Samuel C. Florman (born January 19, 1925) is an American civil engineer, general contractor and author. He is best known for his writings and speeches about engineering, technology and the general culture. The most widely distributed of his seven books is The Existential Pleasures of Engineering, published in 1976, second edition in 1994. According to one authority, “It has become an often-referred-to modern classic.” His most recently published book is Good Guys, Wiseguys and Putting Up Buildings: A Life in Construction, published in 2012.
Florman is Chairman of Kreisler Borg Florman General Construction Company, Scarsdale, New York.

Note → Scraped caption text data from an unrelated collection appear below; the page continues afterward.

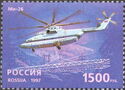 Heavy Transport Helicopter Mi-26 "Halo", 1983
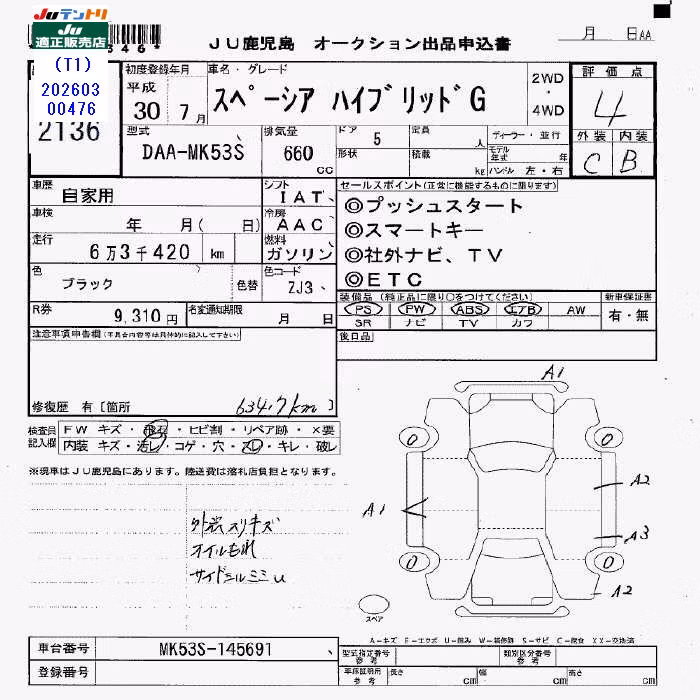 SUZUKI SPACIA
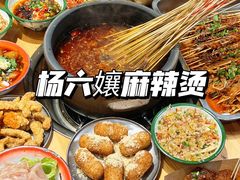 -成都吃客(九眼桥店)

In 1995 he was elected  to the National Academy of Engineering “For literary contributions furthering engineering professionalism, ethics and liberal engineering education.”
Samuel C. Florman was born and raised in New York City where he attended the Ethical Culture Fieldston School. He entered Dartmouth College with the Class of 1946, which because of the outbreak of war, started studies in the summer of 1942. The following year he enlisted in the Navy V-12 program at Dartmouth, continued his studies while on active duty, and received the BS degree, summa cum laude in November 1944. He took graduate courses at Dartmouth’s Thayer School of Engineering until February 1945 when he was sent to the Civil Engineer Corps officers training school in Davisville, Rhode Island. On May 5, 1945 he was commissioned as an ensign and assigned to a program of military training. For a year, starting in August 1945, he served with the 29th Construction Battalion (the Seabees) supervising construction work in the Philippines and Truk. Returning to civilian life in the fall of 1946 he entered graduate school at Columbia University and earned an MA degree in English Literature (June 3, 1947). He started work as a construction engineer in the summer of 1947 while taking graduate engineering courses at night at New York University. In subsequent years he earned his license to Practice Professional Engineering in the State of New York (October 17, 1957) and was awarded the fifth-year Civil Engineer degree by the Thayer School of Engineering at Dartmouth (April 14, 1973).